Growth Catalysts Leading Into Q3
Amazon’s Q3 earnings are expected this month, with the estimated announcement date being 10/25/24. Analysts are expecting a 20.6% normalized EPS growth for the quarter, which is a substantial increase from the 10.1% YoY growth achieved in Q2. Furthermore, such substantial earnings expansion is expected into Q4, where the consensus is 34.5% YoY growth. Therefore, on an earnings basis, this is definitely a time that warrants near-term bullishness. However, I would allocate with moderation, considering the valuation and recession risks, which I will analyze below.
As Amazon is so fundamental to the current trends in AI, it is vital to assess the results from this segment in Q3. At such a vulnerable time macroeconomically, the growth narrative and associated results related to Amazon’s AWS segment are critical both for shareholders and the broader sustenance of the Western capital markets.

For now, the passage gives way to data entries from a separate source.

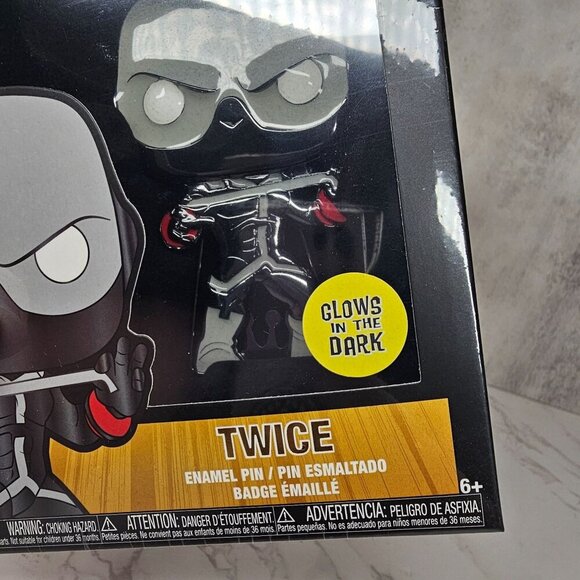 Funko Pop! Pin My Hero Academia Twice #38 Glow In The Dark Collectible Enamel Ba - Picture 4 of 8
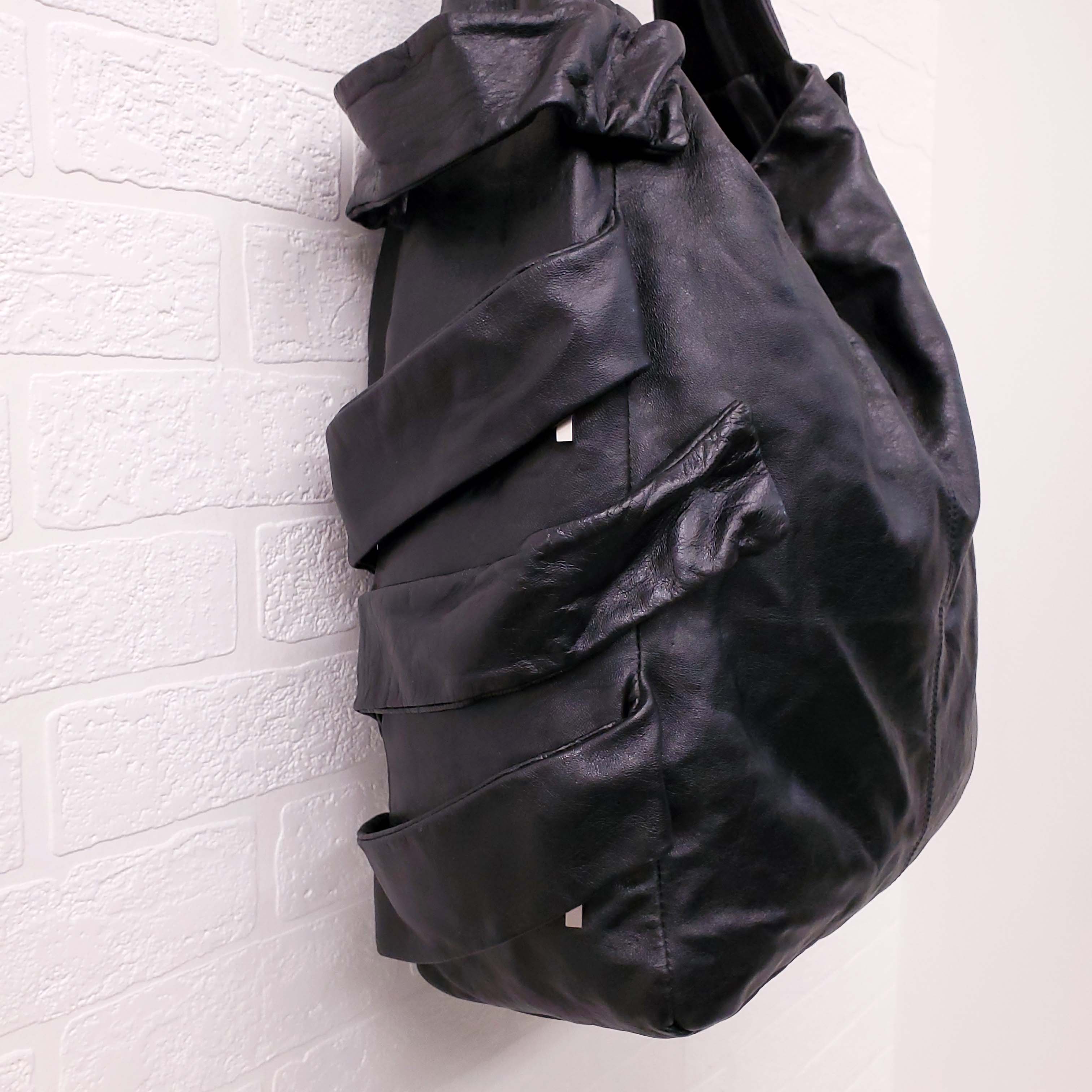 FENDI BLACK LEATHER SHOULDER BAG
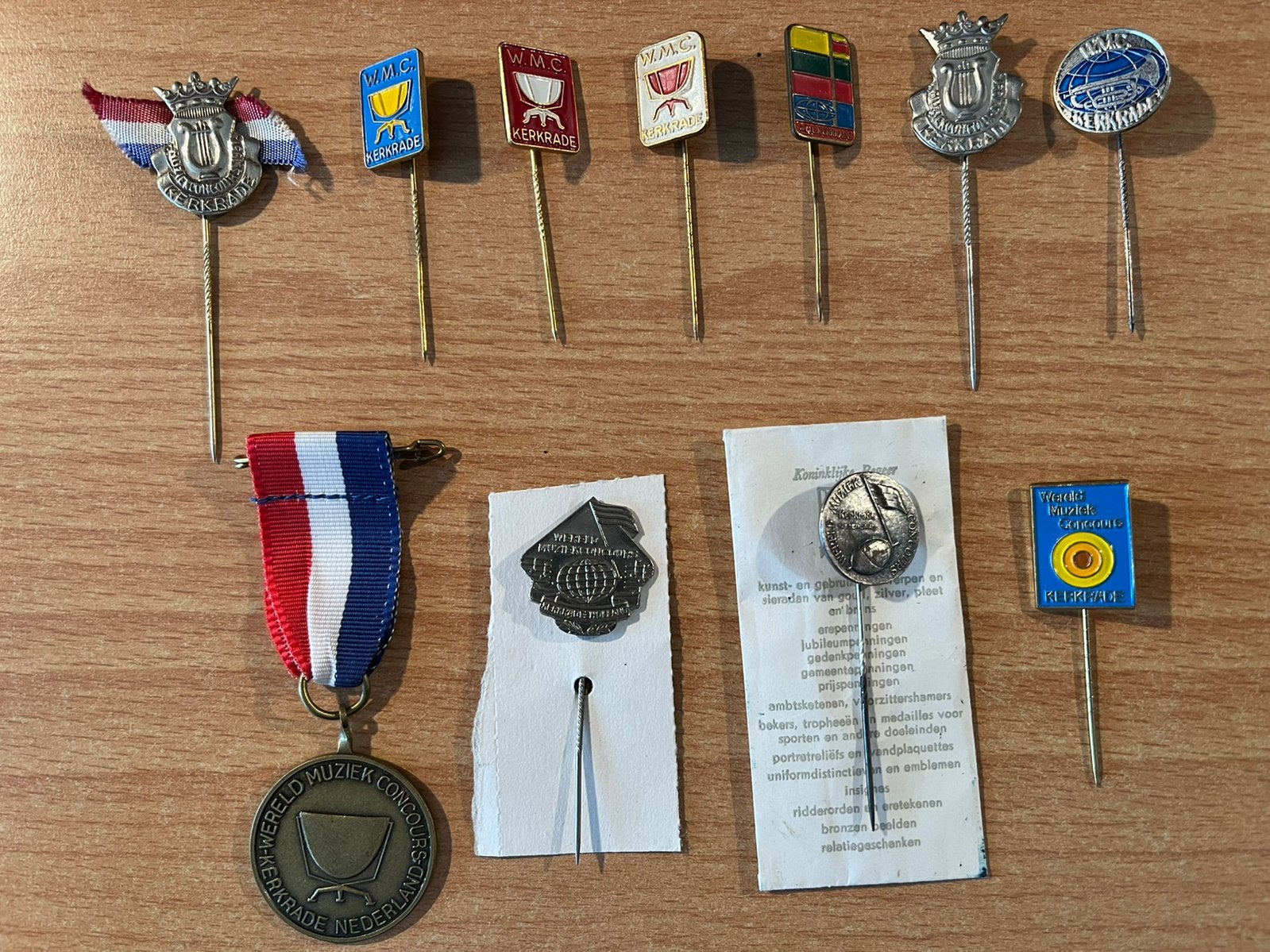 11 speldjes pins Wereld Muziek Concours WMC Kerkrade, Verzamelen, Ophalen of Verzenden, Gebruikt, Overige onderwerpen, Speldje of Pin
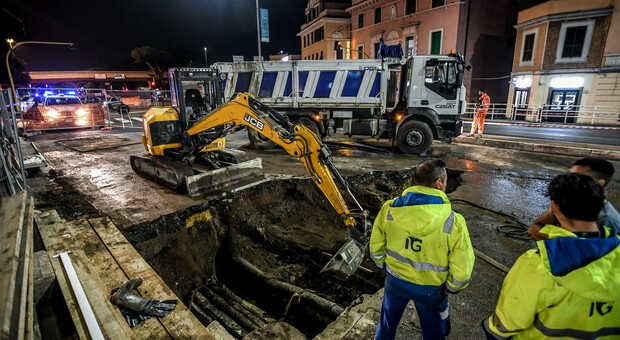 Roma, enorme voragine a Corso Francia: si rompe condotta idrica, scoppia il caos e traffico in tilt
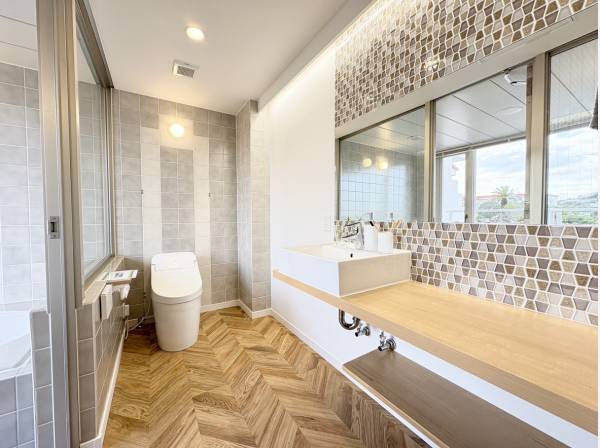 パウダールーム、W.C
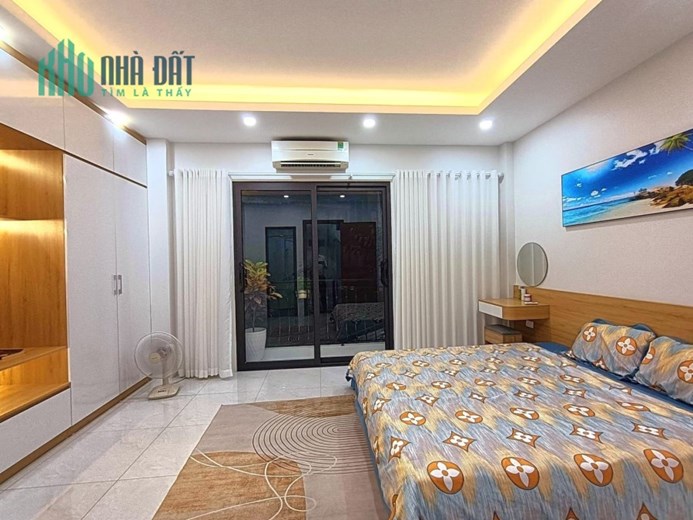 Nhà 5 tầng 3 ngủ Dtsd 35m, giá nhỉnh 4 tỷ.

AWS’s custom AI chips and services like Amazon Bedrock and CodeWhisperer are gaining traction among major clients like adidas (OTCQX:ADDYY), Booking Holdings (BKNG), and Merck (MRK). In Q3 2023, AWS revenue grew by 12% YoY, and I expect this to be much stronger in Q3 2024 related to AI consolidation. In Q2 2024, AWS delivered a YoY revenue growth of 19%. As of Q2 2024, AWS now makes up 18% of Amazon’s total revenue. I expect this to expand further in the coming decades.
Amazon’s advertising segment is also of critical importance to the company’s future growth direction. As a key example of management’s operational strategy with this segment, the company has been expanding its advertising offerings on Prime Video by introducing commercials, with subscribers needing to pay an additional fee to avoid them. Tactics like this might put pressure on the customer experience, but they are also likely tolerable adjustments that are highly beneficial to the company’s growth. In Q2, this segment delivered a 20% YoY revenue growth; however, I expect this segment could be one of the areas that sees a significant slowdown in adoption if a long-term recession begins in the next few years. Having addressed that, Q3 is likely to show continued strength in advertising. I notice this is a key long-term strategic and tactical area through which the company can continue to expand. Notably, Amazon has been underperforming Meta (META) here, which reported a 22% growth in its advertising last quarter.
Valuation Analysis
As Q3 is expected to be a strong quarter for Amazon, its elevated valuation reflects this. It is important to gauge that Amazon’s top-line growth rates have decelerated significantly as the company continues to develop from a high-growth entity to an established conglomerate. Therefore, the firm’s valuation is much more reflective of internal efficiency gains being developed by tactics such as those it is engaging in with Prime Video advertising. Furthermore, the company’s continued investment in and development of AI and robotics capabilities is likely to be highly margin-expansive over the long term. This was the core focus of my last long-term Buy thesis on Amazon. Therefore, a high valuation is warranted, but it still deserves caution due to higher potential volatility over the coming years due to macroeconomic risks.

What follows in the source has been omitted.